Business

New Talisman Gold Mines pulled up for disclosure breaches

17:29 pm on 17 March 2022

The stock market regulator has made an example of New Talisman Gold Mines (NTL) after a damning report found it failed to follow several listing rules.

Photo: 123RF

NZ RegCo's investigation found that the company issued a large portion of shares without shareholder approval in 2019, failed to promptly notify investors about a new acquisition it had agreed to and briefly traded without enough directors on its audit committee.

But market watchdog stopped short of any major enforcement action.

"NZ RegCo has determined to pursue an educative outcome in relation to NTL's breaches," it said.

"NTL's board was effectively reconstituted during October and November 2021 - the capital raising, and continuous disclosure breaches occurred under the oversight of the former board, which is no longer in place."

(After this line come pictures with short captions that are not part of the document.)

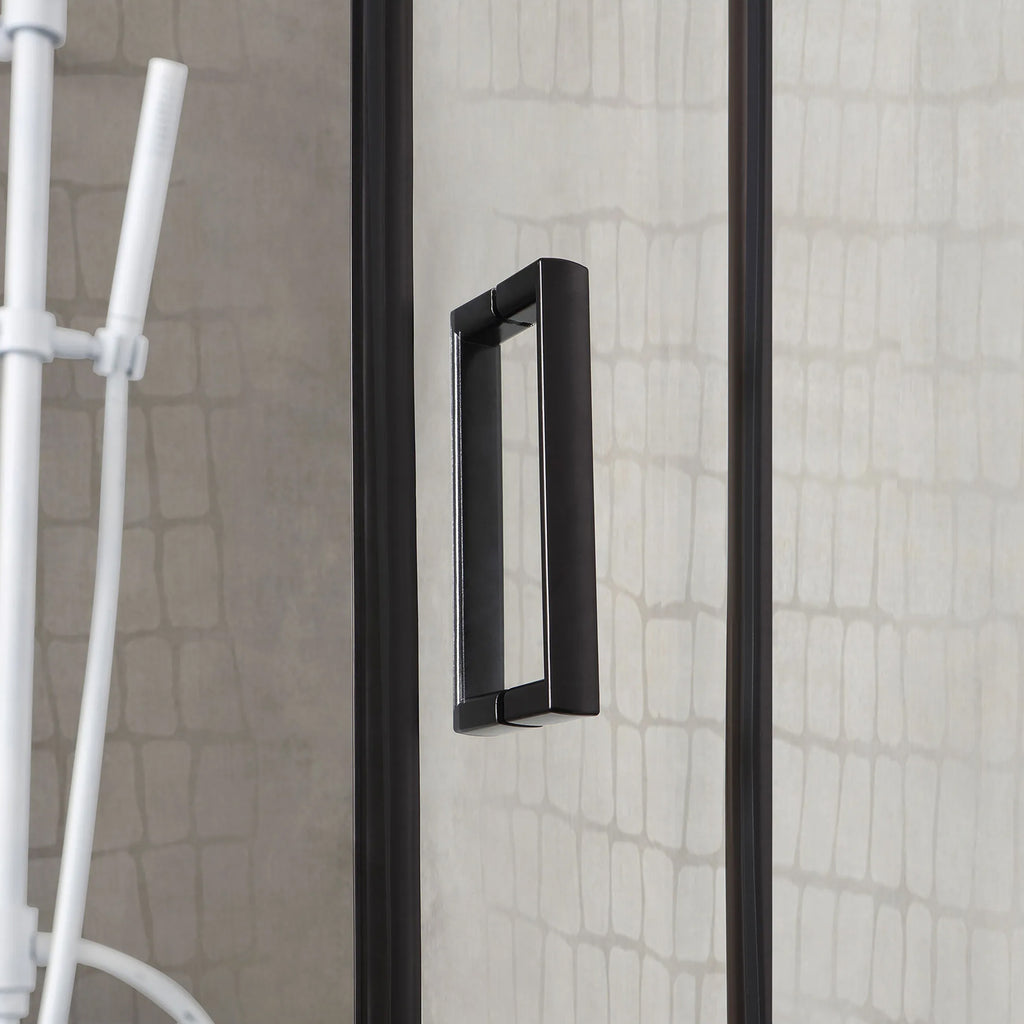 Box doccia modello Imperial 70x70 cm con profilo nero opaco e cristallo trasparente 6 mm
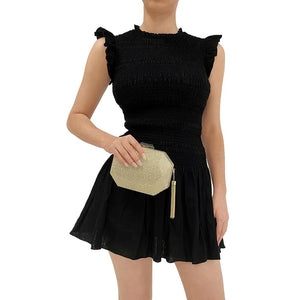 Olga Berg Tilly Hotfix Clutch With Tassel | Gold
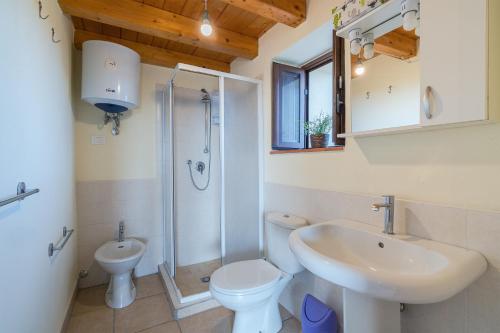 マルツァメミにあるCasa degli Uliviの洗面台、トイレ、シャワー付きのバスルーム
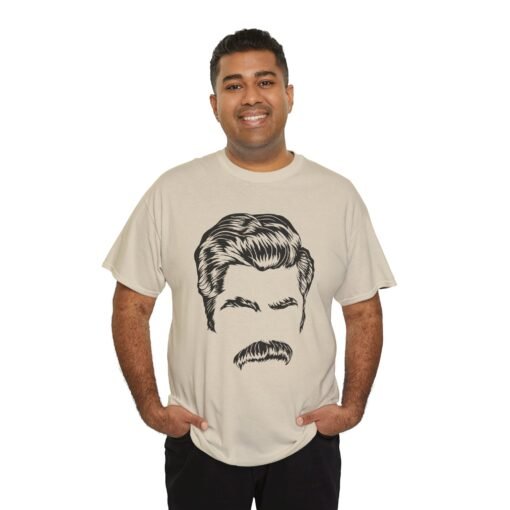 Ron Swanson Mustache Power – Unisex T-Shirt - Image 5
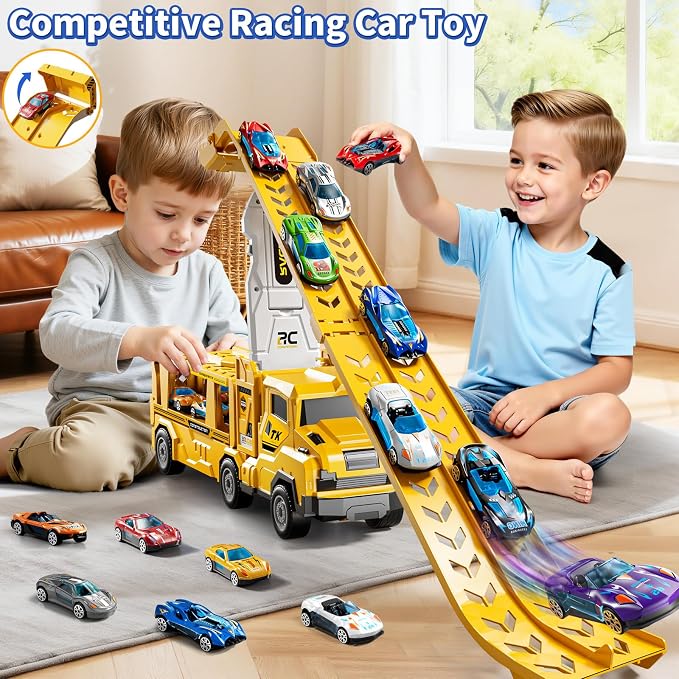 3-in-1 Kid Carrier Truck Toy Car Tracks for Toddlers 2-4 Years Old with 12 Racing Cars Toys, Foldable Chasing Race Track and Car Garage, Car Ramps Birthday Gift for Boys Girls 3-5 4-8(Yellow)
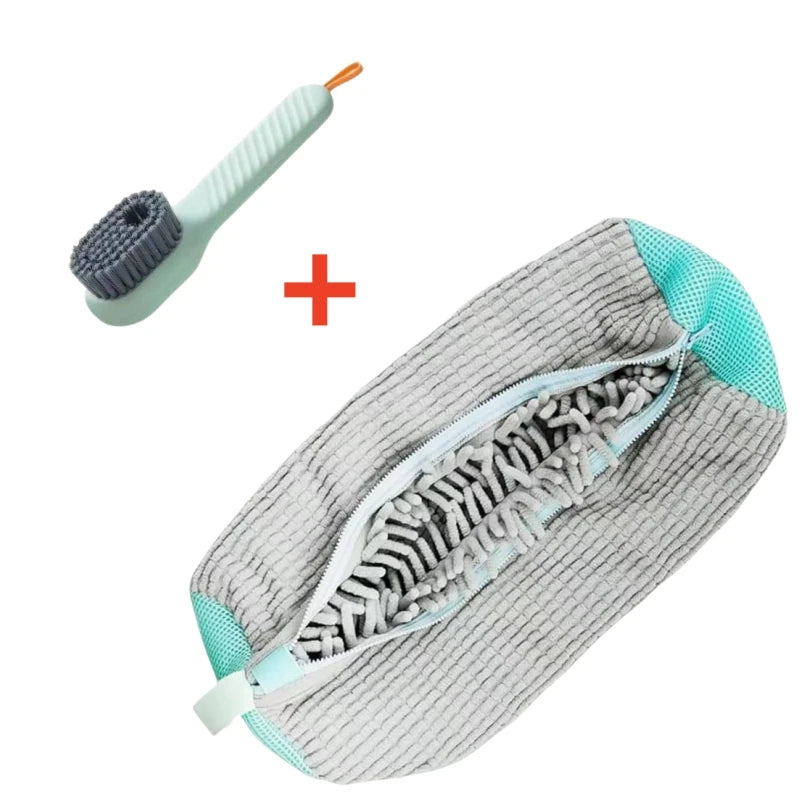 1/2/4-teiliger Schuhwaschbeutel mit flüssigem Schuhbürsten-Set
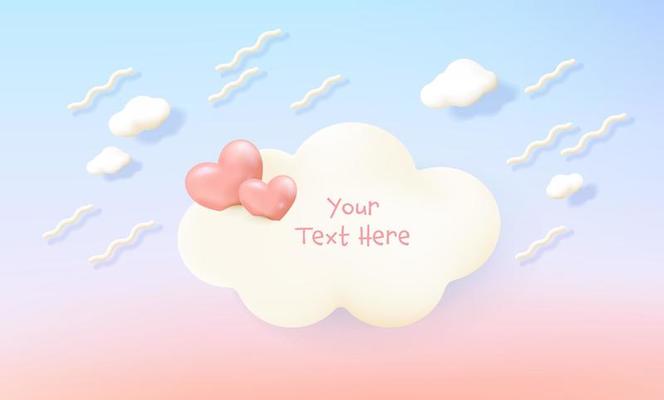 Romantic greeting card with pink hearts and clouds for valentines day, lovely background for product display.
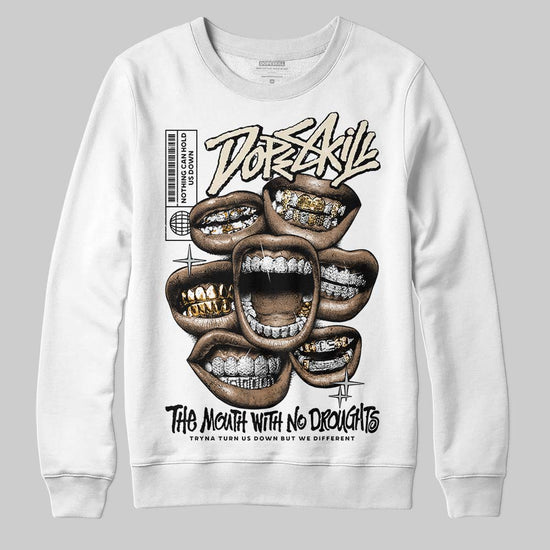 Jordan 5 Retro Reverse Metallic DopeSkill Sweatshirt The Mouth With No Droughts Graphic Streetwear - White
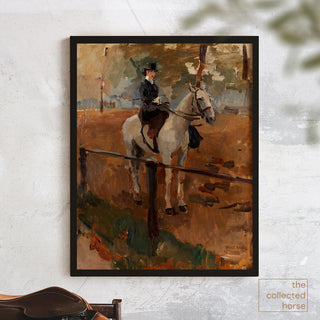 Expressive vintage equine art painting of a woman astride a white horse in London's Hyde Park - framed print mockup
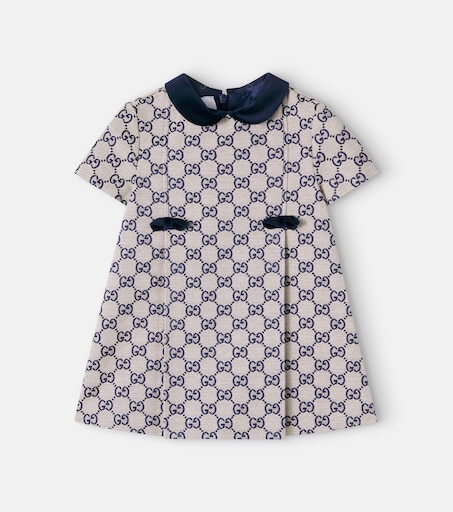 GUCCI キッズ GG ワンピース110cm Baby GG Canvas cotton-blend dress in beige - Gucci Kids | Mytheresa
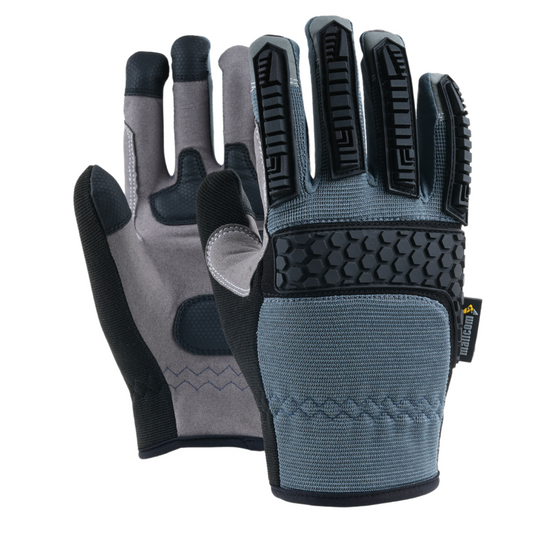 MACH 22 safety gloves with reinforced palm, honeycomb PU grip, and knuckle protection for industrial hand safety.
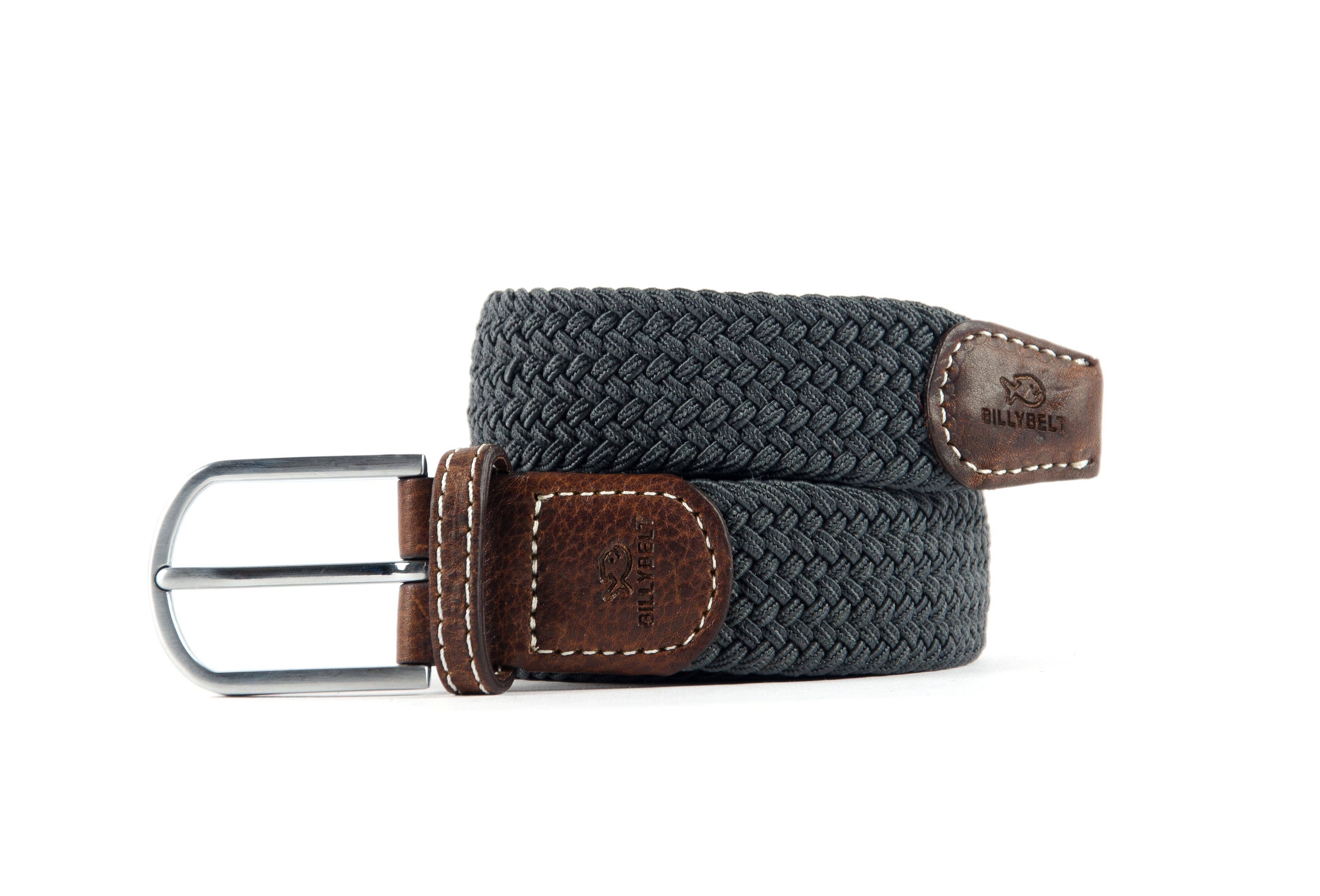 BILLYBELT Elastic Braided Belt Flannel Grey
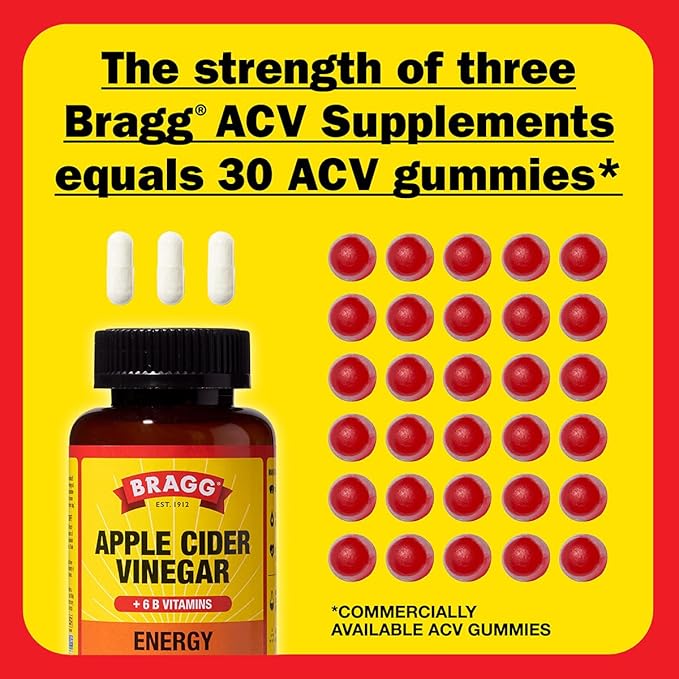 Bragg Energy Apple Cider Vinegar Capsules with B-12 Vitamins - 90 Capsules (2 Pack) – Weight Management - Non-GMO, Vegan, Gluten Free - Helps Generate Energy at Cellular Level for Men and Women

The company's board underwent wholesale changes late 2021 after a shareholder revolt, prompted by growing discontent in the company's performance and governance, sparked a series of resignations.

It resulted in several new, independent, appointments to NTL's board.

The regulator said that the new board had shown it was willing to co-operate with the regulator and had demonstrated a commitment to lift its performance.

However, it said other companies should be aware that breaches like that of NTL would typically justify more serious action.